– Ест. Это он довольно хорошо умеет.
В двери появились Диллон и Джуниор.
– Эй, Голик, – промурлыкал здоровяк.
Тот поднял глаза и невнятно из-за набитого рта ответил:
– Да?
– Зажги свечку за Мерфи, а?
Голик улыбнулся, и с его губ посыпались крошки.
– Точно. Я тысячу зажгу, – он внезапно погрустнел. – Он был хорошим другом. Никогда на меня не жаловался, ни разу. Я его любил. Это правда, что его голова раскололась на миллион кусочков? Так говорят.
Диллон помог им надеть громоздкие рюкзаки и хлопнул каждого по плечу, убедившись, что все ремни легли правильно.
– Будьте там осторожны. У вас есть хорошие карты, пользуйтесь ими. Если найдете что-то слишком большое, чтобы унести, обязательно отметьте это место на карте, чтобы другая команда потом смогла его найти. Помню, года четыре назад парни наткнулись на личную заначку консервов какого-то шахтера. Там было столько, что хватило бы подсластить нам трапезы на несколько месяцев. Но они отметили место на карте неправильно, и с тех пор мы никак не можем найти его снова. Может, вам троим сегодня повезет.
Боггс издал непристойный звук, и вокруг раздались смешки.
– Это про меня. Я всегда был везунчиком.
– Ну ладно, – Диллон отошел в сторону. – Отправляйтесь и не возвращайтесь, пока не найдете что-то стоящее. И не свалитесь в какую-нибудь стометровую скважину!

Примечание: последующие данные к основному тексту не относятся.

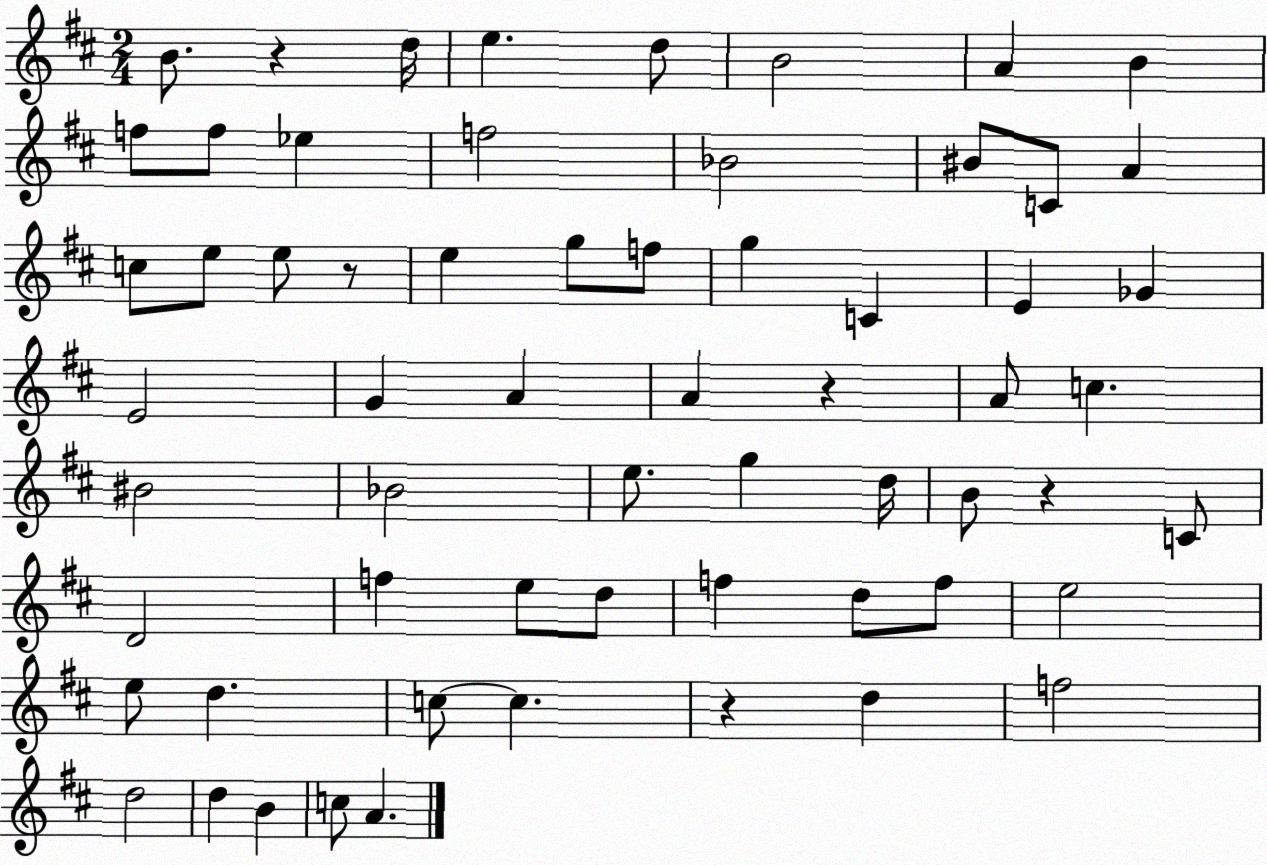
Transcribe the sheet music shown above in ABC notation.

X:1
T:Untitled
M:2/4
L:1/4
K:D
B/2 z d/4 e d/2 B2 A B f/2 f/2 _e f2 _B2 ^B/2 C/2 A c/2 e/2 e/2 z/2 e g/2 f/2 g C E _G E2 G A A z A/2 c ^B2 _B2 e/2 g d/4 B/2 z C/2 D2 f e/2 d/2 f d/2 f/2 e2 e/2 d c/2 c z d f2 d2 d B c/2 A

Здоровяк смотрел, как они исчезают в тоннеле, смотрел до тех пор, пока расстояние и изгибы коридора не погасили свет от свечей. Затем Диллон и Джуниор неторопливо направились в сторону зала собраний. У Диллона имелись свои задачи, требовавшие внимания.
Квартира Эндрюса была просторной, хотя и обставленной по-спартански. Как управляющий, он получил жилище, где прежде обитал начальник шахты. У него было много места, но недостаточно мебели, чтобы заполнить все пространство. Не обладая большим воображением или тягой к роскоши, Эндрюс запечатал большинство комнат и оставил себе всего три – для гигиенических нужд, для сна и для приема посетителей.
Сейчас он был занят как раз посетителем и сидел за скромным столом напротив единственного медика колонии. Клеменс был той еще занозой. Технически он являлся заключенным, и с ним можно было обращаться как со всеми прочими. Однако никто, включая управляющего, не подвергал сомнению его уникальный статус – ниже, чем у свободного человека, но выше, чем у отбывающего срок. И зарабатывал Клеменс больше любого другого арестанта. Более того, все они зависели от его услуг, которых больше никто не мог оказать. Включая самого Эндрюса и его зама.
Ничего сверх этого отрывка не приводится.